Hi guys, i am trying to get a entity through regex pattern,which constists of only alphabets [a-z] (i have also added few optional characters).I have also added some examples of it please look into it and update me whats is wrong with the data thanks.

regex: sBook

  • [^a-zA-Z0-9!#$()-` + / \ "]*

##intent: searchBook

i have upto a hundred data for training the enitity sBook. but after training the nlu was not able to recognize.

search for the book machine made by me

it was not able to recognize the entity. Thanks in advance.

First of all, that regex seems like it’ll match characters which is NOT presented in the set.

Secondly, you don’t need regex feature for this kind of entity, since it almost always composed from normal characters and is positioned like a noun in a sentence. Using your training data only should be enough. So my advice is to remove the regex feature.

thanks for your reply @fuih i tried without regex as well i faced the same issue.

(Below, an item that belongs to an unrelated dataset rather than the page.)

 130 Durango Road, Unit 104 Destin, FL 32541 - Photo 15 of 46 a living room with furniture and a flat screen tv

That’s certainly weird. Can you upload your nlu.md ?

please look into it

##intent: SearchIntent

Thanks

Question { “text”:“search for the book alice by james” }

Response: { “intent”: { “name”: “SearchIntent”, “confidence”: 0.9857004881 }, “entities”: [ { “start”: 29, “end”: 34, “value”: “james”, “entity”: “Person”, “confidence”: 0.9153108498, “extractor”: “CRFEntityExtractor” } ], “intent_ranking”: [ { “name”: “SearchIntent”, “confidence”: 0.9857004881 }, { “name”: “MagicCodeIntent”, “confidence”: 0.0256307088 }, { “name”: “goodbye”, “confidence”: 0.001080066 }, { “name”: “PickUpIntent”, “confidence”: 0 }, { “name”: “listCheckedOutIntent”, “confidence”: 0 }, { “name”: “mood_unhappy”, “confidence”: 0 }, { “name”: “AMAZON.CancelIntent”, “confidence”: 0 }, { “name”: “HoursIntent”, “confidence”: 0 }, { “name”: “ReloadIntent”, “confidence”: 0 }, { “name”: “ListHoldIntent”, “confidence”: 0 } ], “text”: “search for the book alice by james” }

Can you upload nlu.md as a file please. It will make it easier for me to copy the data and test it.

nlu.md (61.5 KB)

please look into the above

After training a test model and tried your sentence:

The bot recognized ‘machine made by me’ as sBook entity.

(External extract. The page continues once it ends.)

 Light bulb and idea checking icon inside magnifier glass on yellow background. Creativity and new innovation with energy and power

So in my opinion, the problem is you have a lot of books whose name is extremely long. This might makes it hard to recognise the sBook and person when they are in a same sentence, since the book’s name can be very long.

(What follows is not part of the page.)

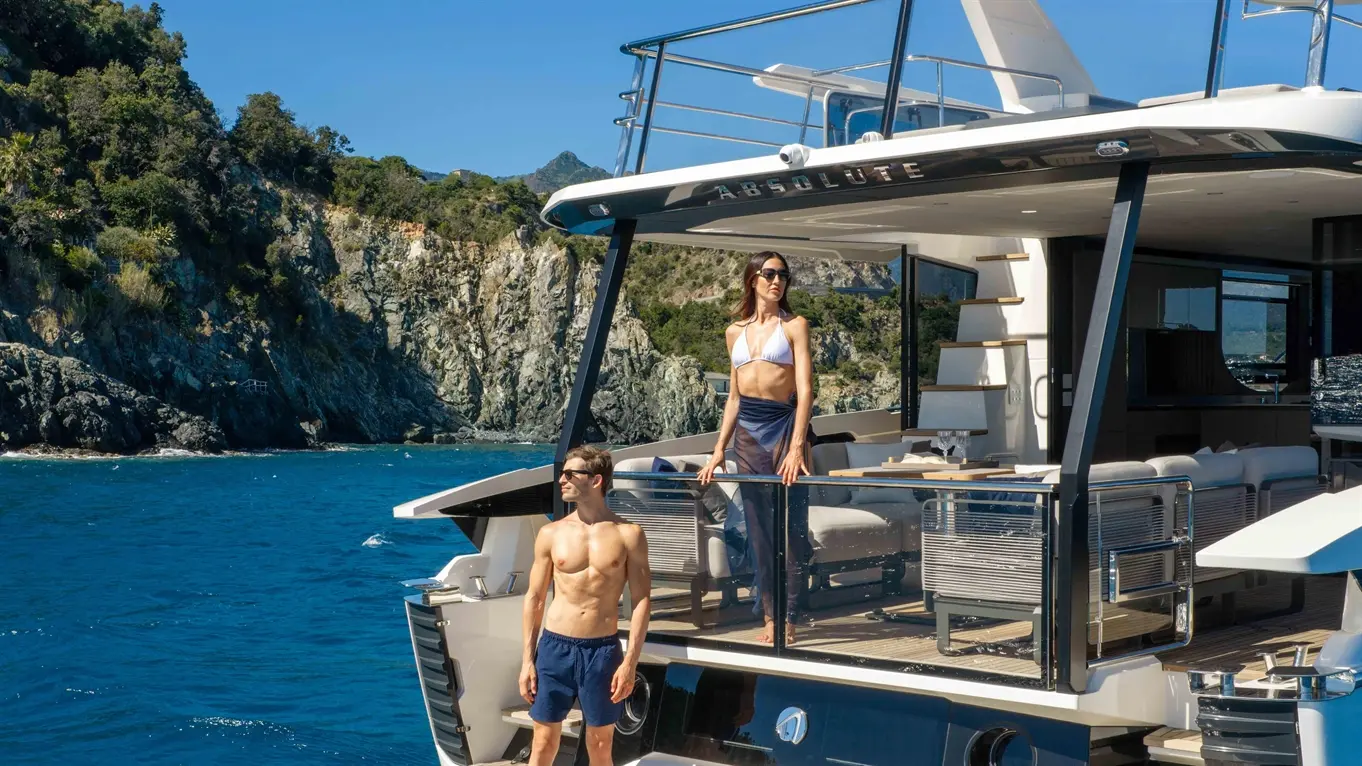 A man and woman stand on the deck of a luxury yacht named 'Absolute', with clear blue water and mountainous scenery in the background.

Finally, i found a book named

a new and authentic system of universal geography antient and modern including all the late important discoveries made by the english

You see the word made by is actually in a book’s name. But you don’t have any training data like:

search for a book [Book’s name] made by [person]

So basically you should tried add a couple training data of the above format, and maybe cut out the training data which have really long book’s name (i’m not sure if this will help, give it a try).

P/S: I made a couple of test and except for the case above, the entities are recognise correctly, even if the book’s name is long.

thanks @fuih for ur reply, i dont know whats the problem in this data

“search for the book alice by james”

where both book name and author names are dynamic actually i want both to identified but as of now am getting only one entity person the book name was not recognized.

Yeah i tried that and had the same result as you. But if i tried ‘search for the book harry potter by james’, the bot recognised the entities correctly. So maybe it think ‘alice’ is too short to be a book name ? I have no idea :smiley:.

@fuih the i face this issue in few other places too even when the book names are long i dont know how to handle it .because i need both entities to be dynamic (book name and author name). can anyone give me some idea to overcome it. thanks

can anyone state me whats the problem here

Hi @prasanth55555. You should use NER model to extract such entities (just like you are doing it now). However, here you are dealing with ambiguity - alice and james are both names and its likely that the model will struggle to figure out where the name is actually a name and where the name is a book name. To improve the extraction for book names you could try using lookup tables (if you have a list of books that can be found in the user questions)

@Juste i tried with lookup table its working fyn thanks.